# Week-4

### Contents

* functions
    * `map()`
    * `apply()`
    * `lambda` functions
* Pandas DataFrame functions
    - `pandas.apply()`
    - `pandas.applymap()`


# Functions

Tutorial: https://docs.python.org/3.7/tutorial/controlflow.html#defining-functions

The keyword *def* is used for a function definition.<br/> 
After *def*, function name and the parenthesized list of parameters are introduced.<br/>
Any statements to be included in the function must be indented.

In [105]:
def myFunction1(myInput = 1): # 1 is the default value for the input parameter
    i = 1
    while i <= myInput:
        print("Hello")
        i += 1
    print("End")

## Calling a Function

In [106]:
myFunction1() #no input parameters. default input parameter of 1 is used

Hello
End


In [107]:
myFunction1(myInput = 2) #call function with a custom input parameter value

Hello
Hello
End


In [108]:
myFunction1(1) #we really don't need to speficy an input parameter value by calling out its name

Hello
End


In [110]:
def myFunction2(myInput): #no default value is specified
    i = 1
    while i <= myInput:
        print("Hello")
        i += 1
    print("End")

In [111]:
myFunction2() #throws an error. we must specify an input value

TypeError: myFunction2() missing 1 required positional argument: 'myInput'

In [112]:
myFunction2(1)

Hello
End


### Multiple Input Parameters

In [20]:
def myFunction3(a, b=2, c, d=4): #throws and error
    print(a,b,c,d)

SyntaxError: non-default argument follows default argument (<ipython-input-20-41ccd4f12d01>, line 1)

In [26]:
def myFunction4(b=2, d=4, a, c): #throws and error
    print(a,b,c,d)

SyntaxError: non-default argument follows default argument (<ipython-input-26-f34550b78d50>, line 1)

### Remark:
Always put parameters with default values after those without any.<br/> 
Only in that case Python will know which arguments go into which when calling the function. 

In [113]:
def myFunction4(a, c, b=2, d=4):
    print(a,b,c,d)

In [23]:
myFunction4(0,1) #prints a and b as given input values and c and d with default values

0 2 1 4


In [27]:
myFunction4(0,1,3) #a=0 b=3 and c=1 are given values

0 3 1 4


In [28]:
myFunction4(0,1,3,5) #a=0 b=3 c=1 d=5 are given values

0 3 1 5


### Remark:
When calling a function, the order does not matter as long as we specify input parameter names.

In [24]:
myFunction4(c=1, a=55)

55 2 1 4


In [25]:
myFunction4(b=2, d=1, c=23, a=5)

5 2 23 1


In [115]:
 def myFunction5(a=0, b=0, c=0, d=0): #include all default arguments 
    print(a, b, c, d)

In [116]:
myFunction5(1,2) #python will assign input parameter values from the beginning

1 2 0 0


In [34]:
myFunction5(c=2) # specifying an argument we wish to pass a value to

0 0 2 0


### Remark:

Arguments that are non-default are called "positional arguments".<br/>
The default arguments are called "keyword arguments".
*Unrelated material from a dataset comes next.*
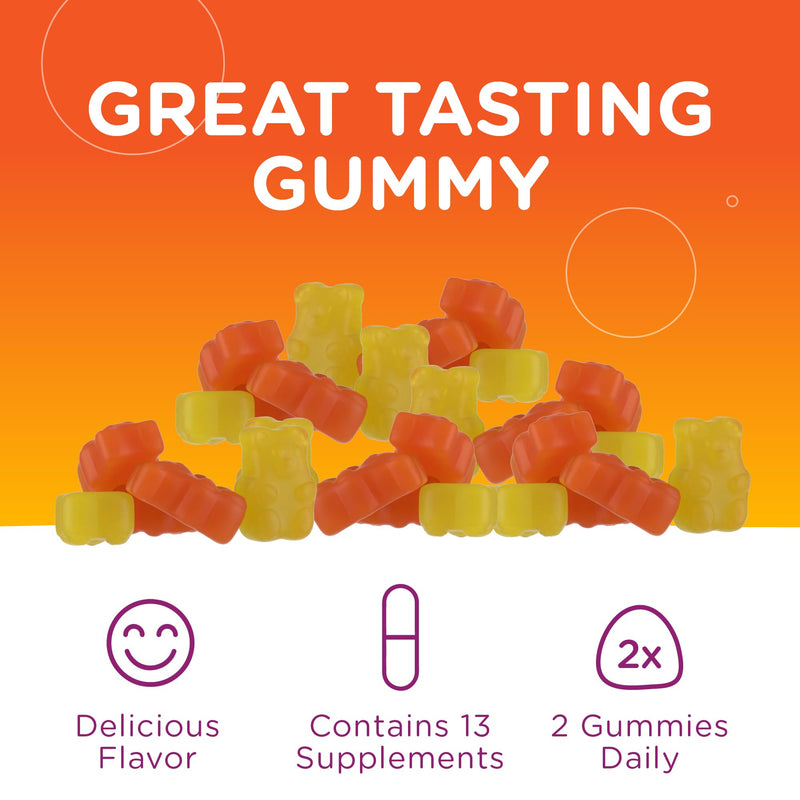 Zahler - Chapter One Kids Multivitamin Gummy with 13 Vitamins & Nutrients (120 Flavored Gummies) - Certified Kosher Kids Vitamins Including Vitamin C, D3, Zinc & More - Delicious Multivitamin Gummies 120 Count (Pack of 1)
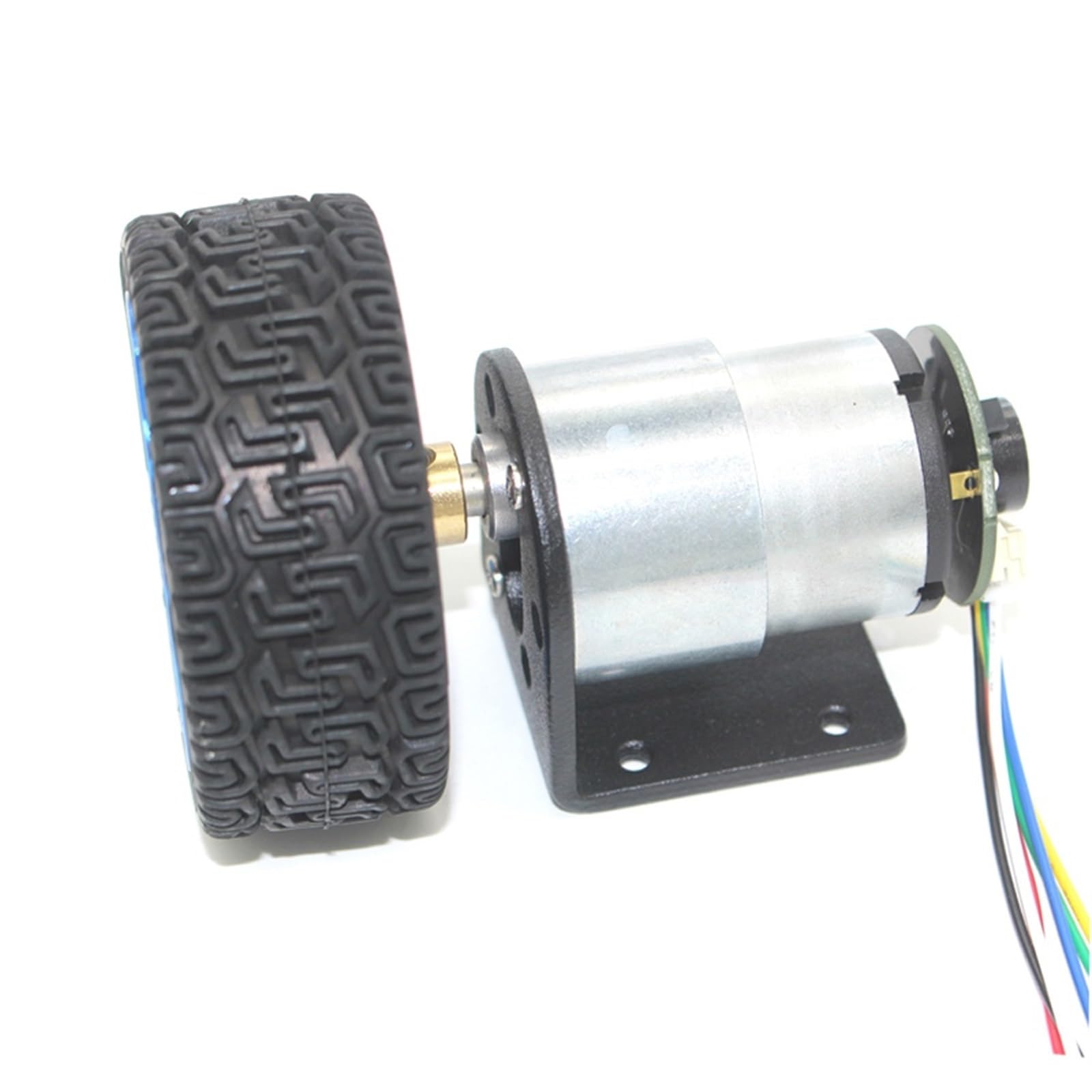 Moteur JGB37-520 12V 110rpm complet avec encodeur support roue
• All positional parameters must be located before all keyword parameters.<br/>
• Keyword parameters may occur in any order.<br/>
• The function call must supply at least as many parameters as the function has positional arguments.<br/>
• If the caller supplies more positional parameters than the function has positional arguments, parameters are matched with keyword arguments according to their position.<br/>

### First-class Functions

In Python, functions are so-called “first-class citizens”. This means that they can be
used in the same way as variables: <br/>
They can be assigned to variables, passed to, and returned from functions, as well as stored in collections (e.g. list). 

In [50]:
def myFunction6(x):
    return x ** 2 #returns square of input value

myVariable = myFunction6 (12) #function value is assigned to a variable
print(myVariable)

144


In [72]:
myNewFunction = myFunction6 #function itself is assigned under a different name
myNewFunction(2)

4

### Example:
Let's store functions in a list and call them with an input

In [85]:
def backwards(string):# a function to print any string backwards
    print(string[::-1])

def half(string): #a function to print half of the input string
    print(string[:len(string)//2])


#create a list of functions. only use the name of the functions 
#the first entry in the list is the built-in function "print"
print_functions = [print, backwards, half] 

for func in print_functions: #calling multiple different functions with a single input
    func("Hello World!")

Hello World!
!dlroW olleH
Hello 


## Remark:
The above given functionality is useful if we desire to call multiple different functions by passing a single or a set of the same inputs into.<br/>
If we desire to accomplish the other way around, meaning that if we desire to pass multiple different inputs into the same function we can use the following Python feature.

## Map
A common operation in Python is to call the same function for every element in a collection, such as a list or a tuple and then create a new list with the results. 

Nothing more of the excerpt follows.